==== Supplied material

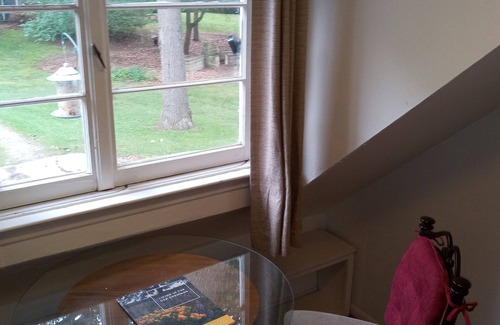 Reynolds Corners Haus | Carriage House Loft Apartment -Oak Openings Region at its best!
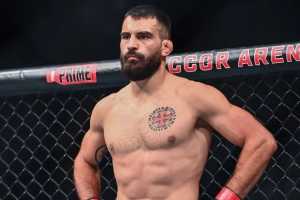 Бенуа Сен-Дени не хотел проводить бой с Руффи в Париже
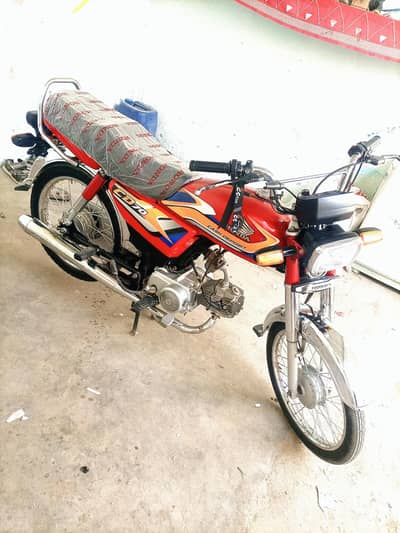 Honda CD 70.2025model. (03120771632)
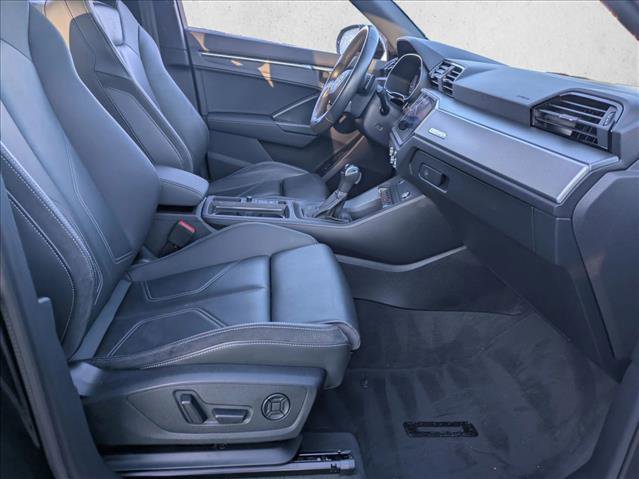 Used 2023 Audi Q3 2.0T Premium image 21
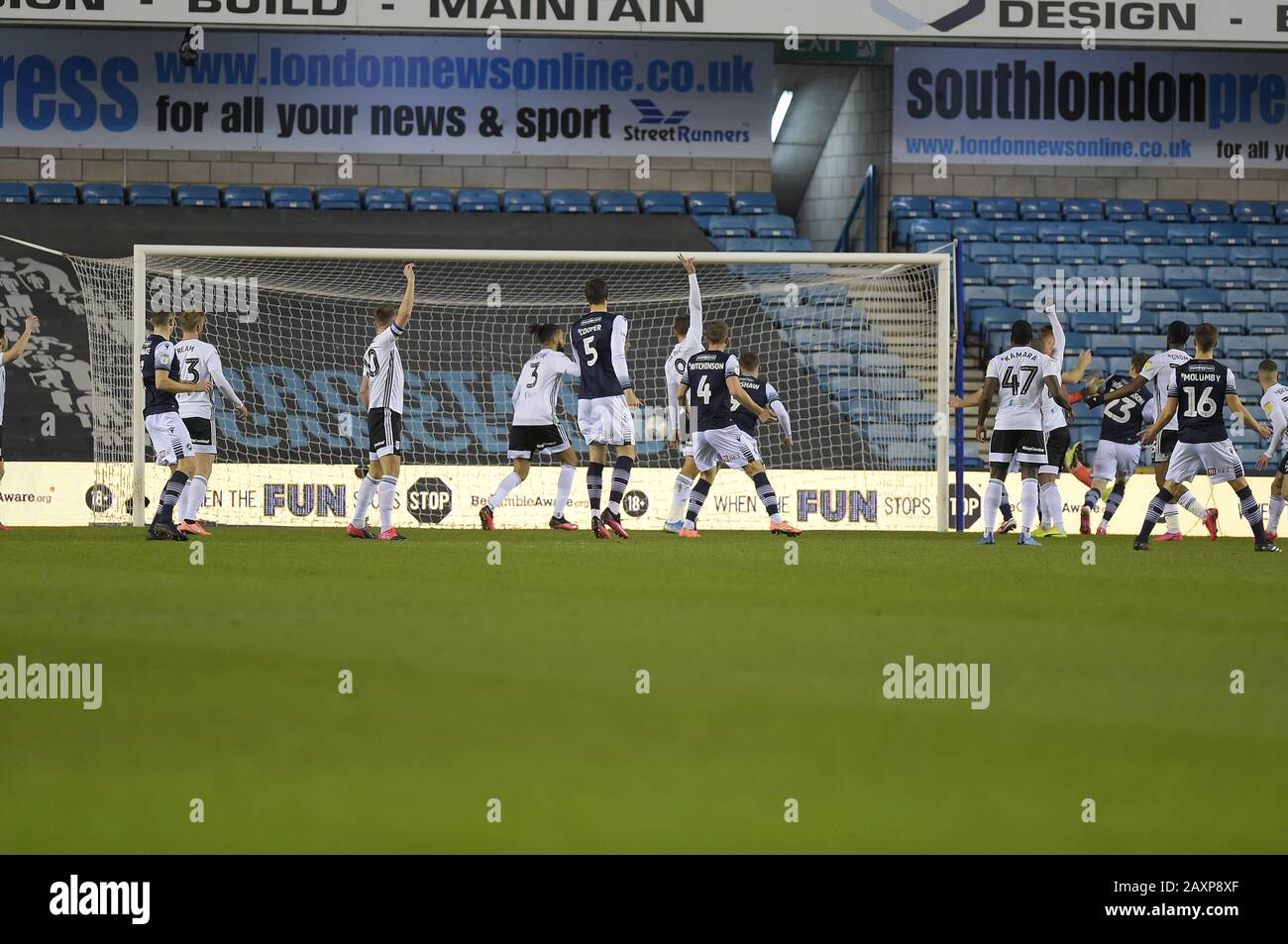 Londra, Regno Unito. 12th Feb, 2020. Obiettivo Jon Daoi Boovarsson di Millwall 23 segna l'equalizzatore durante la partita di calcio Millwall vs Fulham EFL Championship alla New Den London - EDITORIALE USA solo non autorizzato audio, video, dati, liste di fixture (al di fuori dell'UE), loghi club/campionato o servizi 'live'. Uso on-line in-match limitato a 45 immagini (15 in tempo extra). Non utilizzare per emulare le immagini in movimento. Nessun utilizzo nelle scommesse, nei giochi o nelle singole pubblicazioni/servizi di club/campionato/giocatore - credito: Martin DALTON/Alamy Live News Foto Stock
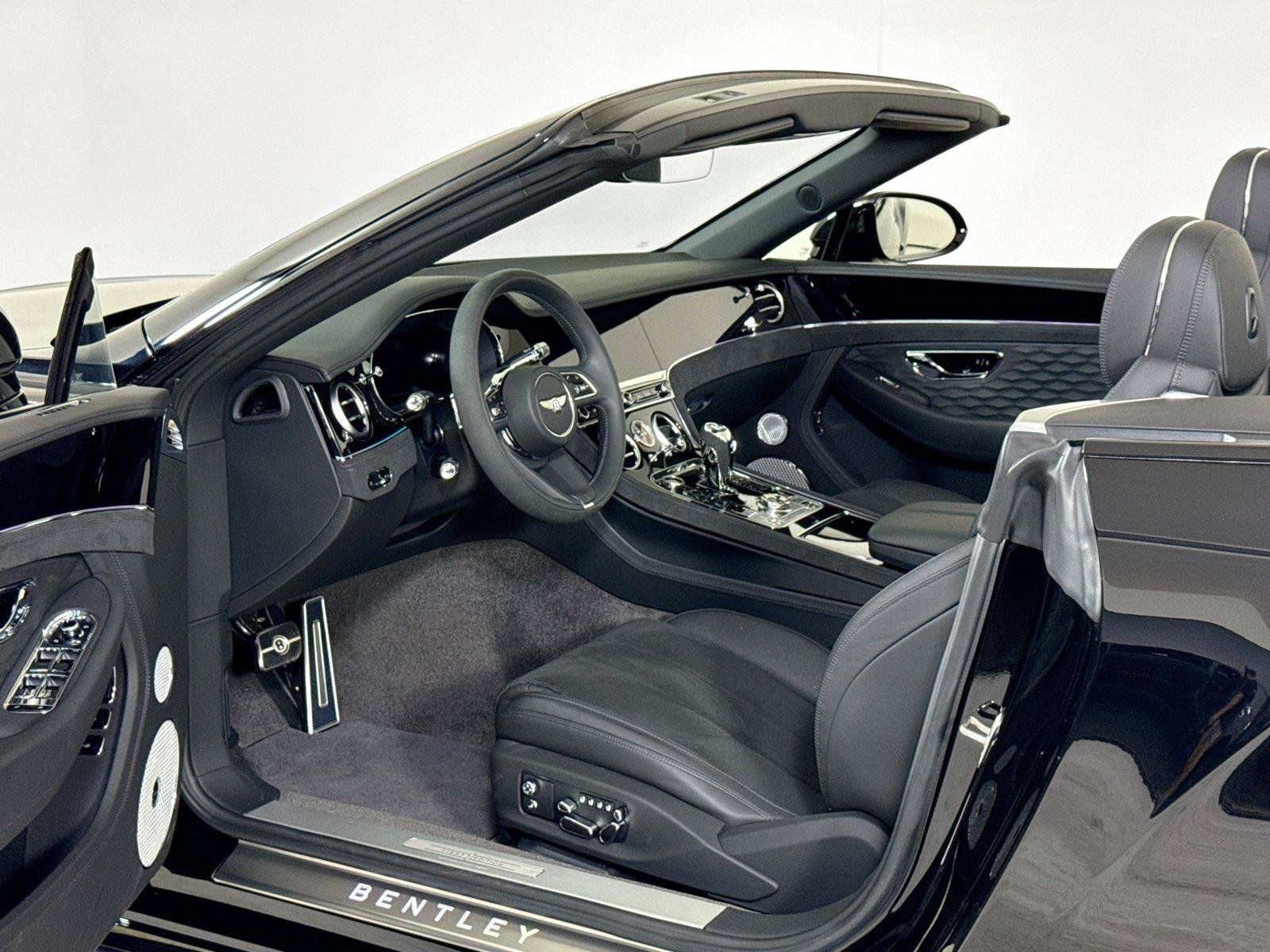 Used 2025 Bentley Continental GT Speed AWD/4WD image 13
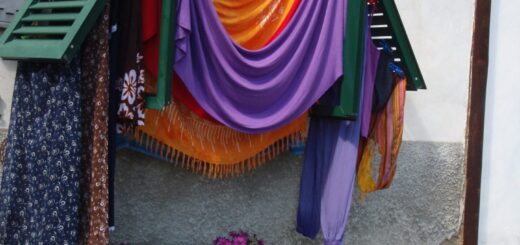 Colorful cloth in Calci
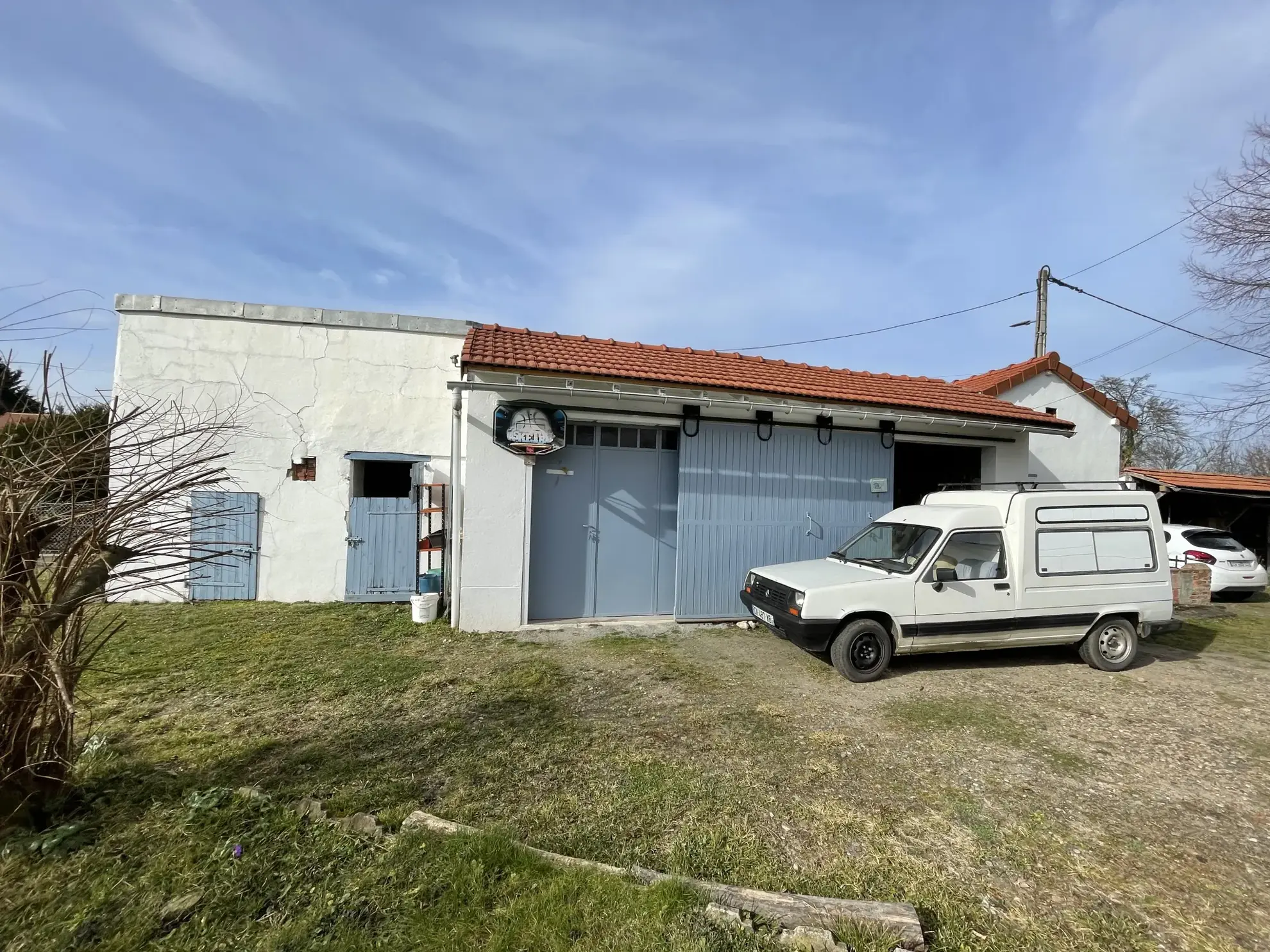 Maison de maître à Cognat-Lyonne avec terrain de 3500 m² et dépendances 
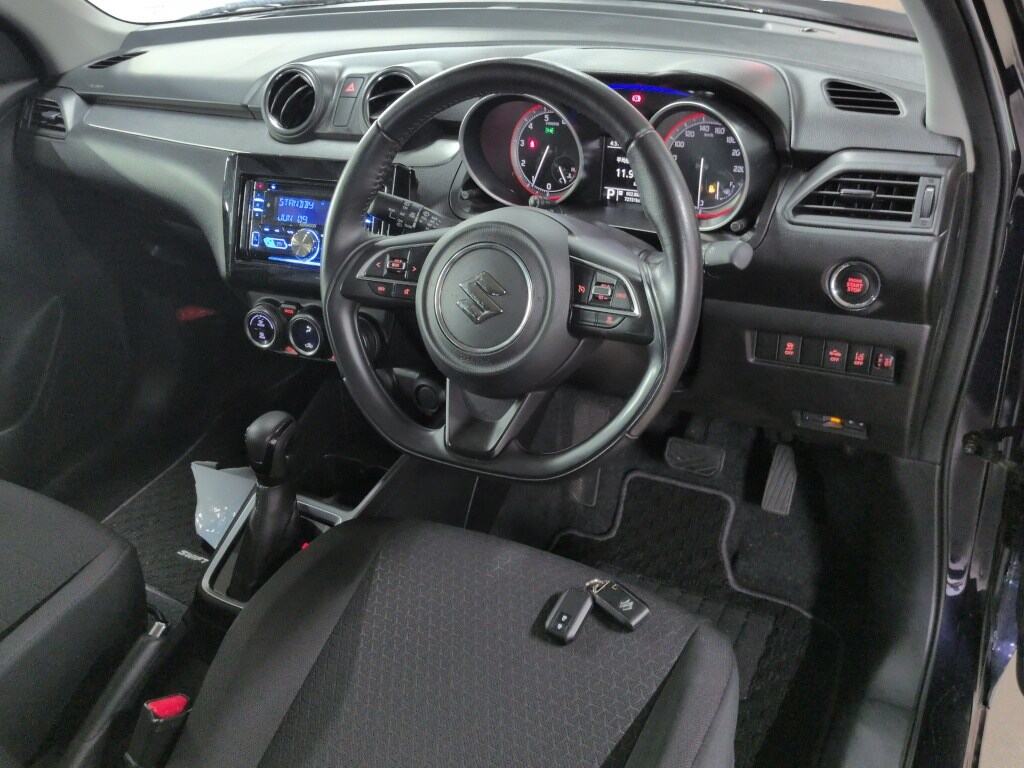 2020 SUZUKI Swift Hybrid XG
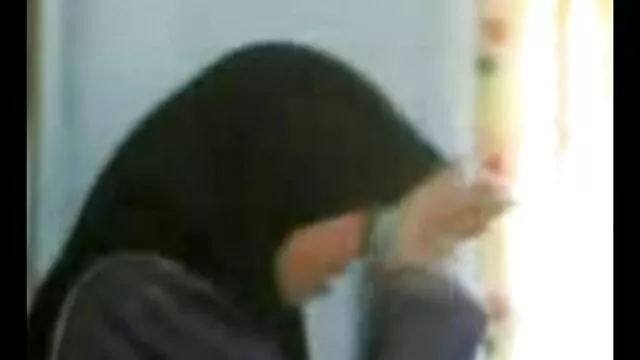 Follando pelis x clasicas rápido con mi esposa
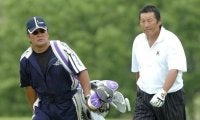 ジャンボ尾崎専属の佐野木キャディーが追悼　最後に会ったのは１０日、交わした約束「一生懸命、右手を出してくれてがっちり握手したよ。涙が出たなあ」「ジャンボ機が立派に飛び立っていったね」
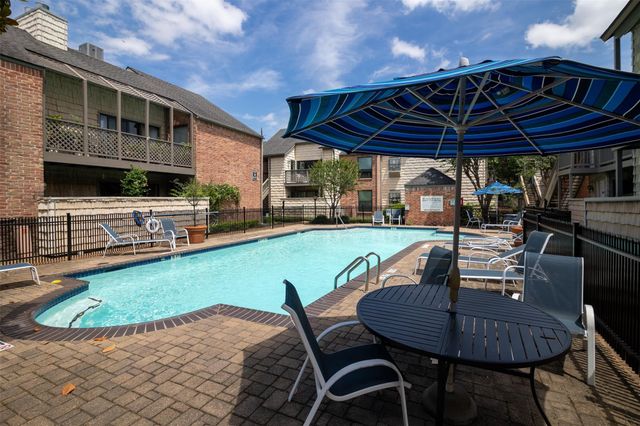 2829 Timmons Lane 228, Houston, TX 77027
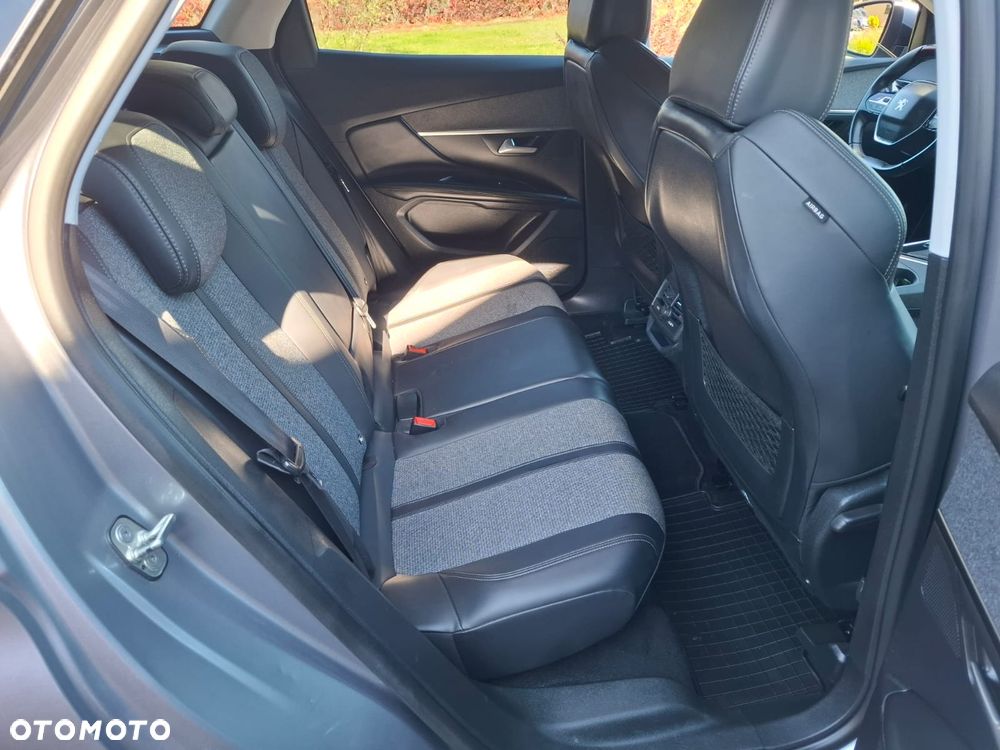 Peugeot 3008 - 24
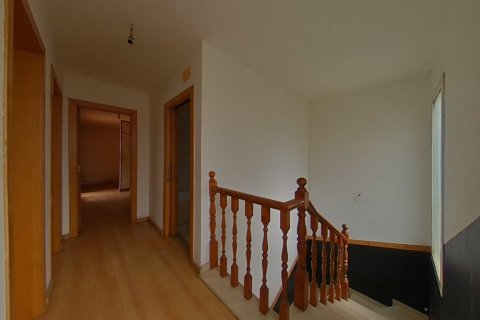 Talo myytävänä Cabrera d'Anoia, Barcelona, Espanja, 4 makuuhuonetta, 160 m2 No. 191390 - kuva 19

========

Leaving the images out, return every record exactly.

 Reynolds Corners Haus | Carriage House Loft Apartment -Oak Openings Region at its best!
 Бенуа Сен-Дени не хотел проводить бой с Руффи в Париже
 Honda CD 70.2025model. (03120771632)
 Used 2023 Audi Q3 2.0T Premium image 21
 Londra, Regno Unito. 12th Feb, 2020. Obiettivo Jon Daoi Boovarsson di Millwall 23 segna l'equalizzatore durante la partita di calcio Millwall vs Fulham EFL Championship alla New Den London - EDITORIALE USA solo non autorizzato audio, video, dati, liste di fixture (al di fuori dell'UE), loghi club/campionato o servizi 'live'. Uso on-line in-match limitato a 45 immagini (15 in tempo extra). Non utilizzare per emulare le immagini in movimento. Nessun utilizzo nelle scommesse, nei giochi o nelle singole pubblicazioni/servizi di club/campionato/giocatore - credito: Martin DALTON/Alamy Live News Foto Stock
 Used 2025 Bentley Continental GT Speed AWD/4WD image 13
 Colorful cloth in Calci
 Maison de maître à Cognat-Lyonne avec terrain de 3500 m² et dépendances 
 2020 SUZUKI Swift Hybrid XG
 Follando pelis x clasicas rápido con mi esposa
 ジャンボ尾崎専属の佐野木キャディーが追悼　最後に会ったのは１０日、交わした約束「一生懸命、右手を出してくれてがっちり握手したよ。涙が出たなあ」「ジャンボ機が立派に飛び立っていったね」
 2829 Timmons Lane 228, Houston, TX 77027
 Peugeot 3008 - 24
 Talo myytävänä Cabrera d'Anoia, Barcelona, Espanja, 4 makuuhuonetta, 160 m2 No. 191390 - kuva 19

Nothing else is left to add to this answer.